In February, the Article 29 Working Party shared its preliminary assessment of the proposed EU-U.S. Privacy Shield agreement. Lost amid this anticipation, however, was an equally significant announcement from the regulatory collective's head, Isabelle Falque-Pierrotin, regarding the group's action plan for the implementation of the General Data Protection Regulation. This report shares commentary from Falque-Pierrotin and looks into the official release by the WP29 of its four action plan items, which included the establishment of a European Data Protection Board, preparation for a one-stop shop and consistency mechanism, guidance for controllers and processors, and the creation of an online communication tool around the EDPB and GDPR.
The passage of the General Data Protection Regulation in the EU will change the way any number of organizations operate, but for those engaging in research there is a particular impact, loosening some restrictions and implementing others. As the GDPR is a central piece of the Digital Single Market, it is geared toward stimulating innovation just as it is geared toward providing EU citizens with control over their data. Thus, “research occupies a privileged position within the Regulation,” writes IAPP Westin Fellow Gabriel Maldoff, CIPP/US. In this in-depth piece for The Privacy Advisor, he outlined what will be the new reality for those conducting research in the EU, a reality where “it is unclear exactly how far the GDPR’s research exemption will extend.”
International data flows between the U.S. and EU took yet another hit with news that the Irish Data Protection Commissioner was planning to refer a case to the Court of Justice of the European Union to determine whether Facebook can use standard contractual clauses to transfer data out of the EU. This exclusive for The Privacy Advisor reported and gathered together commentary from the Irish DPC, Facebook, Max Schrems, and Hogan Lovells Partner Eduardo Ustaran, CIPP/E.
Wyndham Hotels & Resorts’ long-running legal battle with the FTC finally ended in a settlement late in 2015. The settlement, interestingly, was heralded as a win by both sides: The FTC said it evidenced its unwavering commitment to protecting consumer data; Wyndham noted that it managed to wrestle key provisions from the FTC’s initial claim. Some say the FTC’s concessions are, and should be, significant for those charged with protecting an organization’s data — and tell a new story about how to stay out of the FTC’s crosshairs.

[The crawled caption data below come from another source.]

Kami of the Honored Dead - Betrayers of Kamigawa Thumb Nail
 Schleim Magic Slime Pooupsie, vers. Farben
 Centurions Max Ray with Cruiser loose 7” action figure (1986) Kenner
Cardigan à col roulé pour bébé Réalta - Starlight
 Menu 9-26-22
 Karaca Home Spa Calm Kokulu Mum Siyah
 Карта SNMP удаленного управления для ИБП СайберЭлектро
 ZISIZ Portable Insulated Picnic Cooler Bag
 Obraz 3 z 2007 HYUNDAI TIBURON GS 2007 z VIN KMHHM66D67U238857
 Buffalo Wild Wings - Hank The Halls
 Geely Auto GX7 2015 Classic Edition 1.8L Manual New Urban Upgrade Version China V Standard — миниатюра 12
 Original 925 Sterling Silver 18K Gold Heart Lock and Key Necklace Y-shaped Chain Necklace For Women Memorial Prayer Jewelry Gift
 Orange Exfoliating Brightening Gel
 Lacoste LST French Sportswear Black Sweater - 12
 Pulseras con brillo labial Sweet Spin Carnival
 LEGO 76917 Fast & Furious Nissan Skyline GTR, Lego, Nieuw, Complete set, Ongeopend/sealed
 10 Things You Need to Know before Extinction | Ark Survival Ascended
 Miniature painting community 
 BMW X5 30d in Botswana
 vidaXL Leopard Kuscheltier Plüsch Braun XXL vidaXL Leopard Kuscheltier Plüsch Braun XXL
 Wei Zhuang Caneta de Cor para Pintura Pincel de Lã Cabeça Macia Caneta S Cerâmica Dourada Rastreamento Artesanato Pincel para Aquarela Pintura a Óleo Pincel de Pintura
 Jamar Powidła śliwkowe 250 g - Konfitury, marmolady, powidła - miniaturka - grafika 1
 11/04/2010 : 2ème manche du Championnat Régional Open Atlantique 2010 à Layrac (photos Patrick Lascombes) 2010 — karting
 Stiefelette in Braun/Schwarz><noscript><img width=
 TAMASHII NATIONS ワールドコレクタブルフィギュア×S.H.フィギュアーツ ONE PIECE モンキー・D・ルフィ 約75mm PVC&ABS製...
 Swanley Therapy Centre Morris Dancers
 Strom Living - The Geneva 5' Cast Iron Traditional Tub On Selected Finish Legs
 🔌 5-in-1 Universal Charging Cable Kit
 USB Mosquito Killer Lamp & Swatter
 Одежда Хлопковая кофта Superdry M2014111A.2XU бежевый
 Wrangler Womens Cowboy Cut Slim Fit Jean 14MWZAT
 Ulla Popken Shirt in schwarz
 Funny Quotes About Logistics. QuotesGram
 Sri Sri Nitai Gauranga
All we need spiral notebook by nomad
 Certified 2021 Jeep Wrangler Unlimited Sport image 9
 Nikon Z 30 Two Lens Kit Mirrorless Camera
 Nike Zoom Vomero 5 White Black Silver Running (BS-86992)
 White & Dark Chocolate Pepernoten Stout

Angelique Carson, CIPP/US, had this in-depth report for The Privacy Advisor.
As part of his 2017 budget proposal for the U.S., President Barack Obama included $19 billion for cybersecurity efforts, a 35 percent increase over fiscal year 2016. The funds will go toward a Cybersecurity National Action Plan, which includes the hiring of a chief information security officer, a $3.1 billion fund for IT modernization at the federal level, and, perhaps most importantly for privacy professionals, a new executive order establishing a permanent Federal Privacy Council, as announced by Office of Management and Budget Director Shaun Donovan in December 2015.